I am positive that the client sent a packet to discovery server saying where is X from local port 58872 to remote port 443, and discovery server replied X is at Y from remote port 443 back to the port where the request came from (which is 58872), and that’s the logs you are looking at.

These are simply responses to outgoing connections syncthing client is doing, part of a normal HTTP request.

Andrius

Thanks. I agree this is likely right:

client sent a packet to discovery server saying where is X from local port 58872 to remote port 443

However if the connection had really been made by the client, then the packet would be allowed in and would not be blocked. Only ‘unsolicited’ packets are blocked by firewalls.

However there are some scenarios in which a packet from a client-initiated connection could be blocked: a. server sent packet after the connection was closed; b. server sent packet after the connection timed out. There may be other possibilities, but they all seem to relate to possible bugs or protocol timing issues.

It is somewhat irregular, some days none, today a lot: Jan — number 10th — 16 11th — 0 12th — 2 13th — 5 14th — 149 to a few hours ago

Any clues?

It’s Audrius, not Andrius.

We use basic HTTP calls (https://github.com/syncthing/syncthing/blob/master/lib/discover/global.go#L140), so I don’t see how there could be protocol timing issues, as HTTP is probably one of the most basic protocols out there.

The best thing I can suggest is to get a tcpdump, and see perhaps it’s caused by TCP retransmits which might be due to your firewall (or client) not handling a fin or finack.

I don’t see how there could be protocol timing issues, as HTTP is probably one of the most basic protocols out there.

HTTP protocol timing issues do occur

  • read any firewall log and you’ll see inbound packets from a server where the client thinks the connection is closed.
    Sometimes it is the client (eg browser) gets shut down before the server thinks the transaction is complete.
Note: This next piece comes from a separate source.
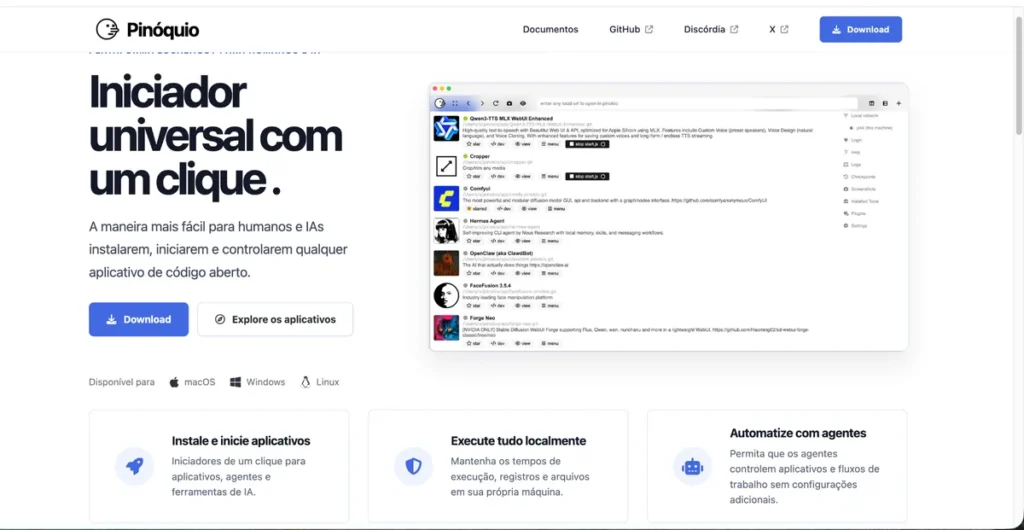 Página oficial do Pinokio com botão de download para instalar o aplicativo no computador.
which might be due to your firewall (or client) not handling a fin or finack.

Firewalling is handled by the linux kernel, UFW is just the interface to it. It is unlikely the linux kernel is handling such a basic function incorrectly. Also, as noted above, some days there are none, all day, so again unlikely to be a basic linux kernel error.

Could possibly be the client - the client here is syncthing, or the server, which is also syncthing.

In any event, it is easiest just to ignore this error unless it appears to be getting out of control. Today so far, none.